--- Supplied data ---

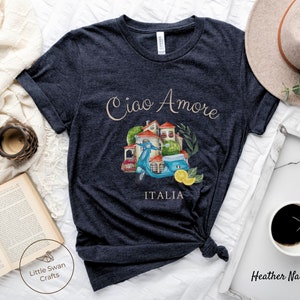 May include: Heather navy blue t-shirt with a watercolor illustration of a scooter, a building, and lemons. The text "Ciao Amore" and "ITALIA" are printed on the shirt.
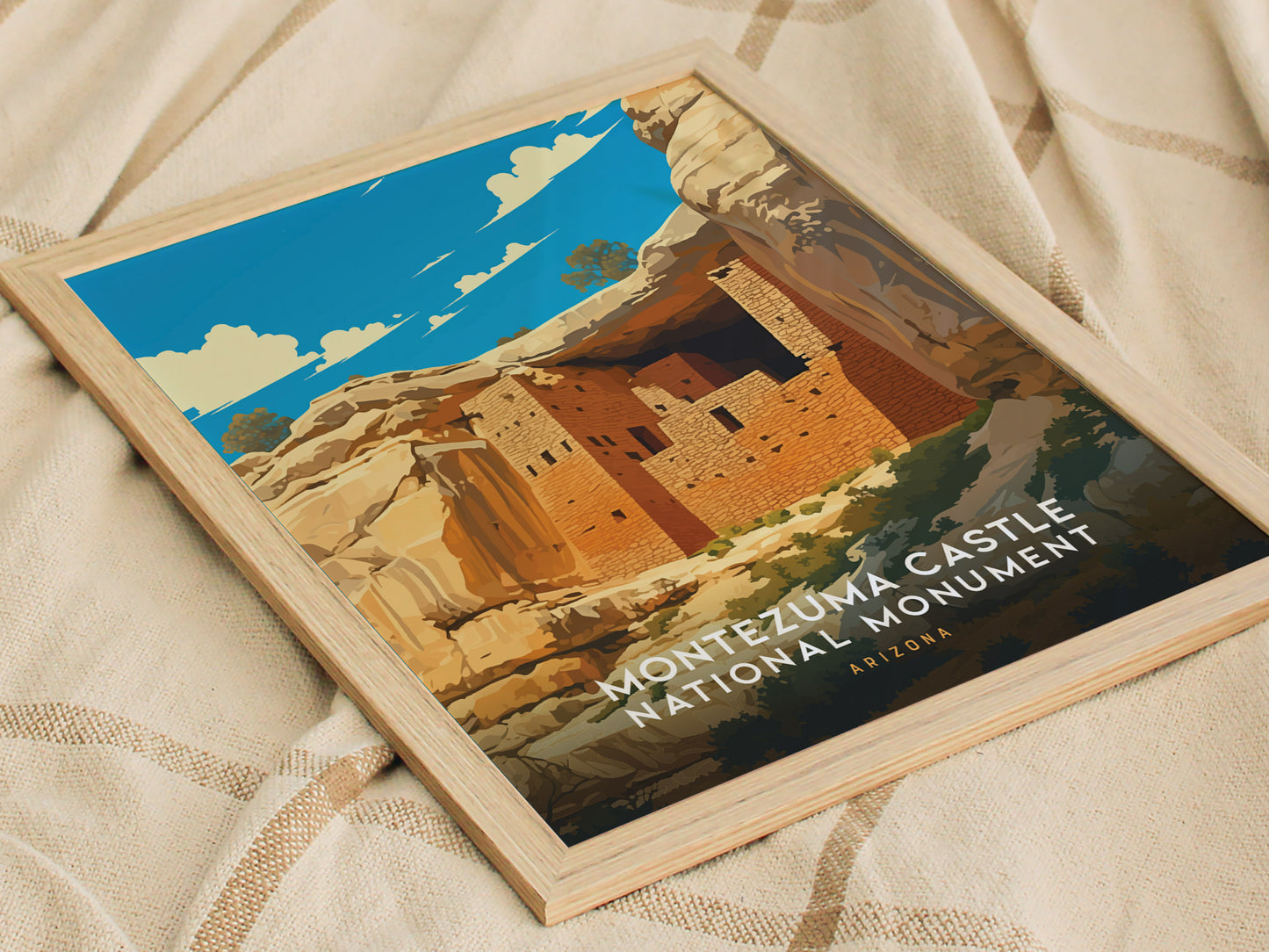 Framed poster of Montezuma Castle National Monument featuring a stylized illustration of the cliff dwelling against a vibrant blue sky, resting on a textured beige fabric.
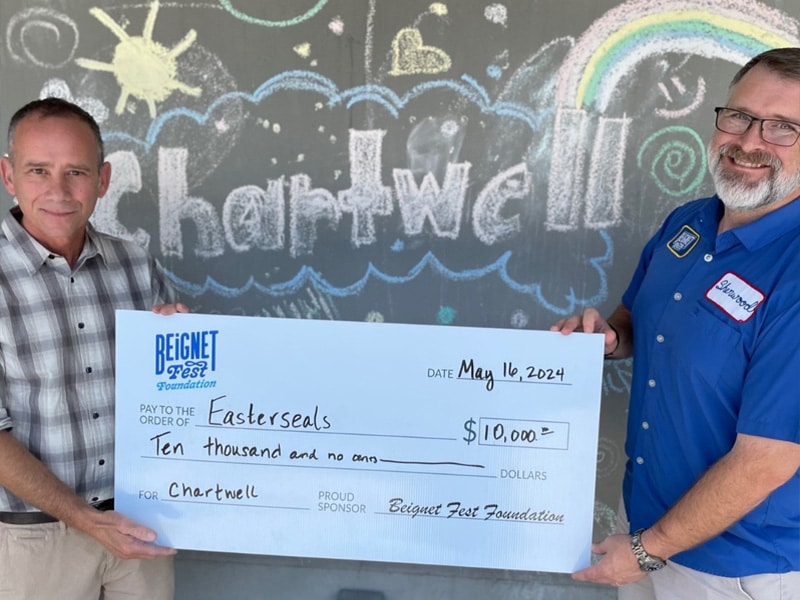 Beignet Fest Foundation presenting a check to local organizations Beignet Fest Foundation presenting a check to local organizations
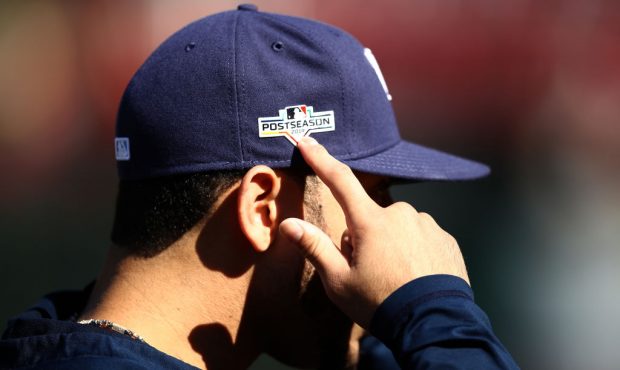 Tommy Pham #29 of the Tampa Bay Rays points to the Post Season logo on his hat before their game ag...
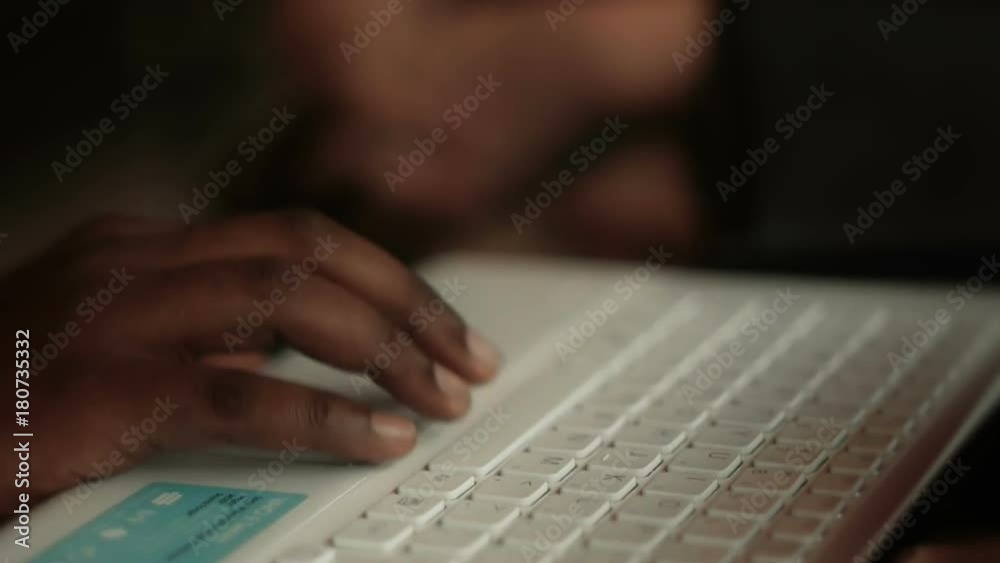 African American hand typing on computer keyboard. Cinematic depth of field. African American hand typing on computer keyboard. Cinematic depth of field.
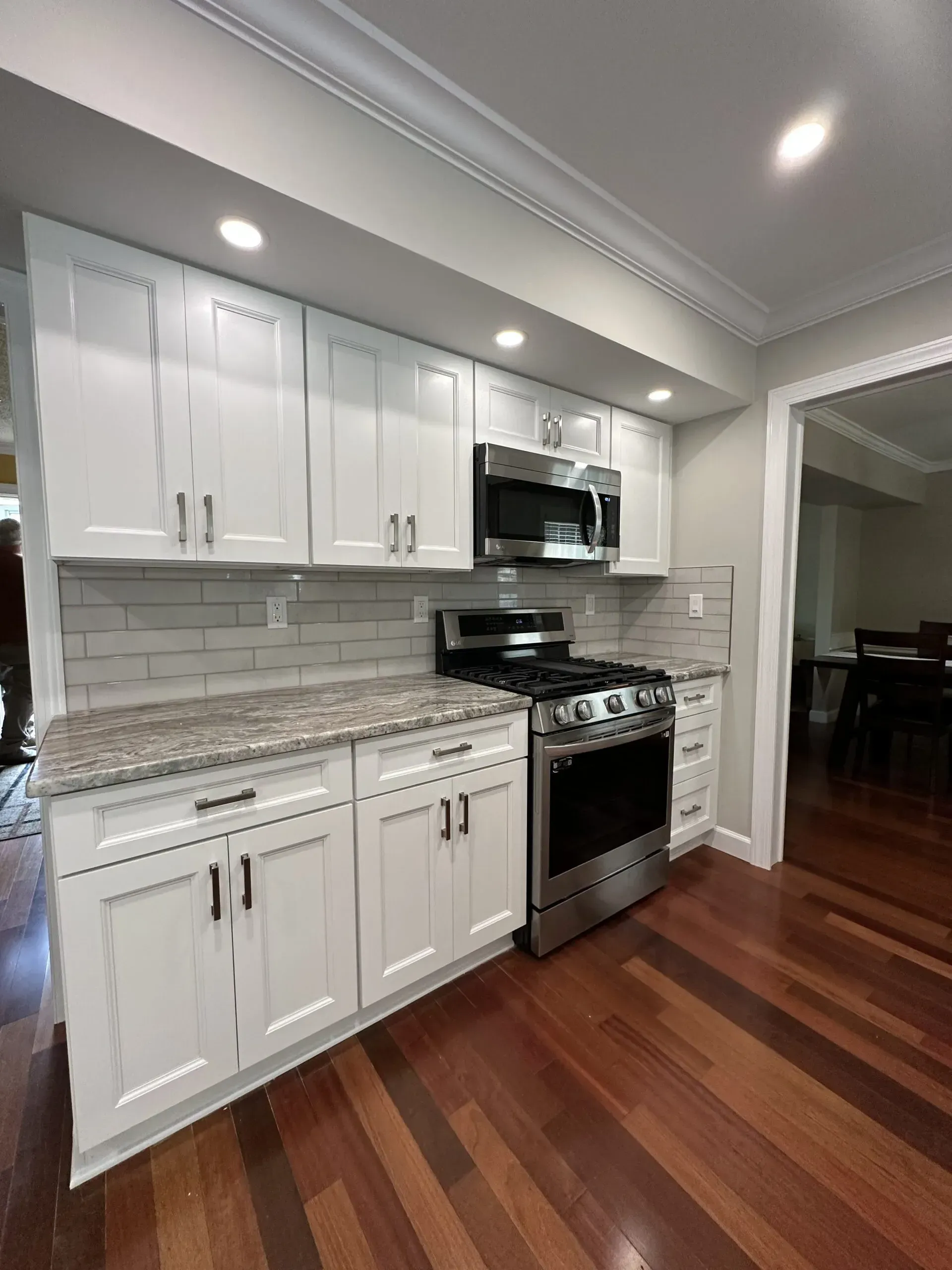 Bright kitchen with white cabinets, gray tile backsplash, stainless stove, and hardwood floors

---

=== Instructions to follow ===
The expected answer is an exact copy of the lines from the one containing "local organizations Beignet" through the last line of the entries above, both included, without pictures.

=== Completed task ===
 Beignet Fest Foundation presenting a check to local organizations Beignet Fest Foundation presenting a check to local organizations
 Tommy Pham #29 of the Tampa Bay Rays points to the Post Season logo on his hat before their game ag...
 African American hand typing on computer keyboard. Cinematic depth of field. African American hand typing on computer keyboard. Cinematic depth of field.
 Bright kitchen with white cabinets, gray tile backsplash, stainless stove, and hardwood floors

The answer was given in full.